Work item: Could you copy exactly the lines below from the one with "This is Section" to the one with "Or you can click", inclusive, leaving out any pictures?

--

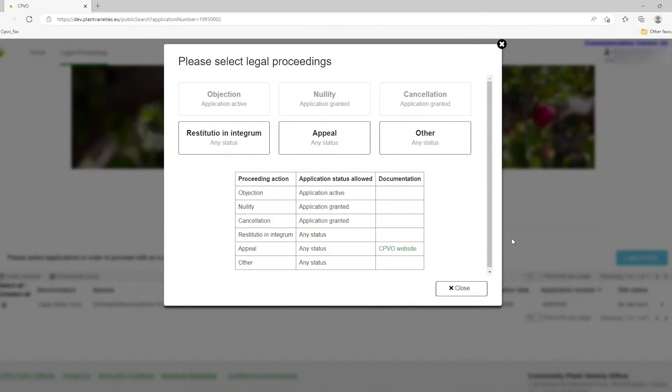A new screen now pops up, listing all possible legal actions available to you regarding this particular title. Click on Appeal.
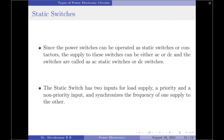With that, we have come to the end of this discussion on the different types of power electronic circuits. Thank you for watching. Have a good day.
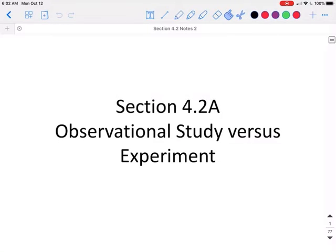This is Section 4.2, Part A: Observational Study vs. Experiment.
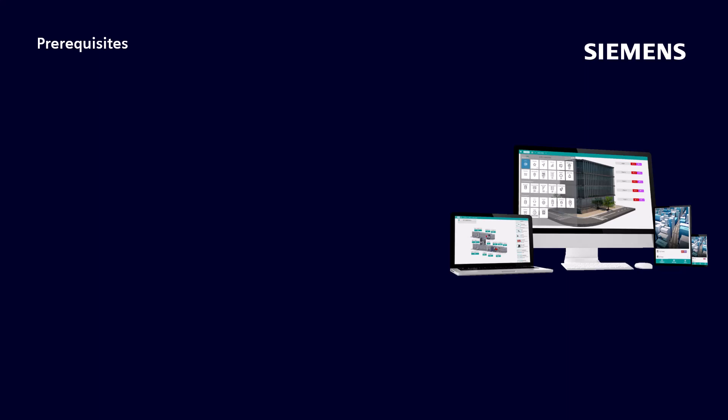In the first module, Fundamentals for Engineering and Sales, you learned that Desigo Optic can be run both on an embedded gateway and as a server. In this tutorial we will show you how to set up the embedded gateway and how to install Desigo Optic as a server.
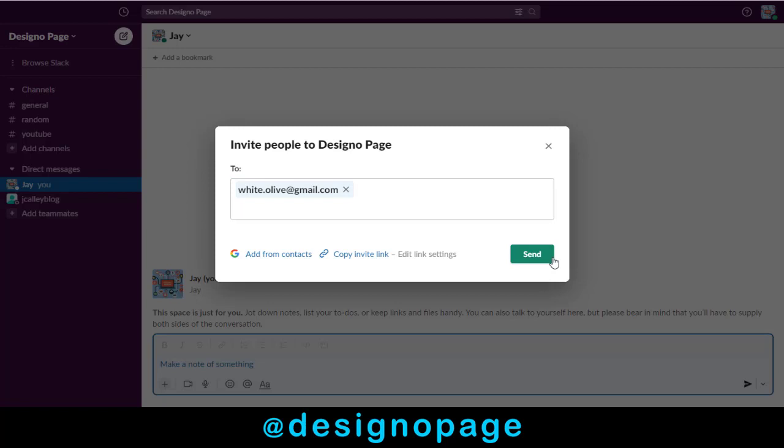Or you can click and add contacts from your Gmail account with this add from contacts option.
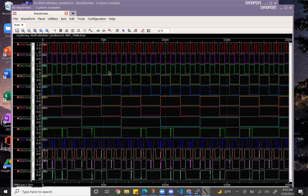And there it is. So that's it for my lab 3. This is the entirety of it. Thank you for watching.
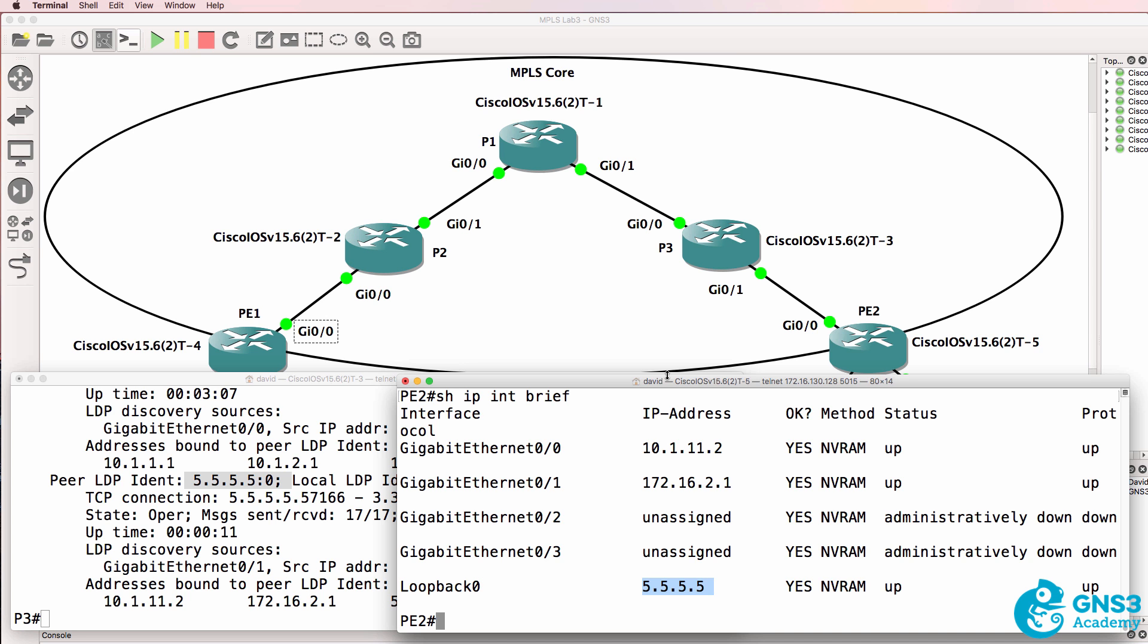So the big reason to use MPLS is layer 3 VPNs or layer 2 VPNs. But I'm going to show you some show commands so that you can see how the label tables are now used in the MPLS environment.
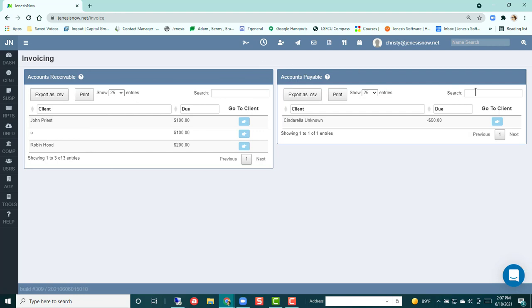Over on the right will be any accounts payable, meaning that they have paid over the amount and they have a credit with your agency. And you either need to cut a check to go back to them or apply that to their account in some way.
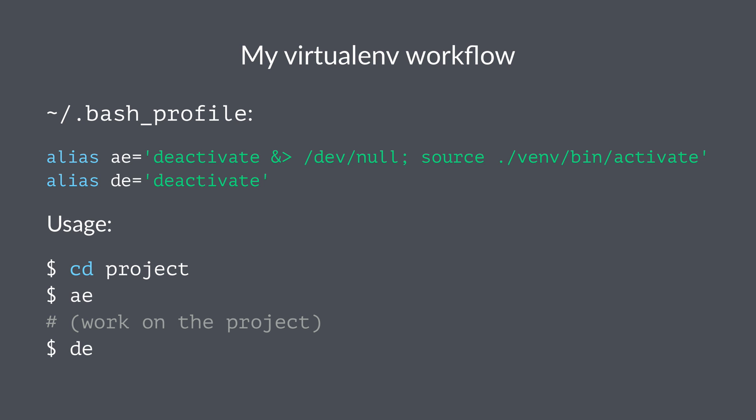...then I can work on the project, and when I'm done I just type 'de' and I leave the virtual environment. This makes working with virtual environments just a little bit smoother. This is something you could try out and see if you want to incorporate that into your own workflow.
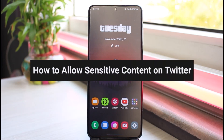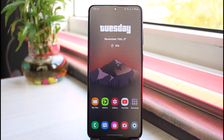How to allow sensitive content on Twitter. Hey everyone, welcome back to another tutorial video. In today's video, I'll show you how you can allow sensitive content to show up on your Twitter feed.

--

Answer to this task:
This is Section 4.2, Part A: Observational Study vs. Experiment.
In the first module, Fundamentals for Engineering and Sales, you learned that Desigo Optic can be run both on an embedded gateway and as a server. In this tutorial we will show you how to set up the embedded gateway and how to install Desigo Optic as a server.
Or you can click and add contacts from your Gmail account with this add from contacts option.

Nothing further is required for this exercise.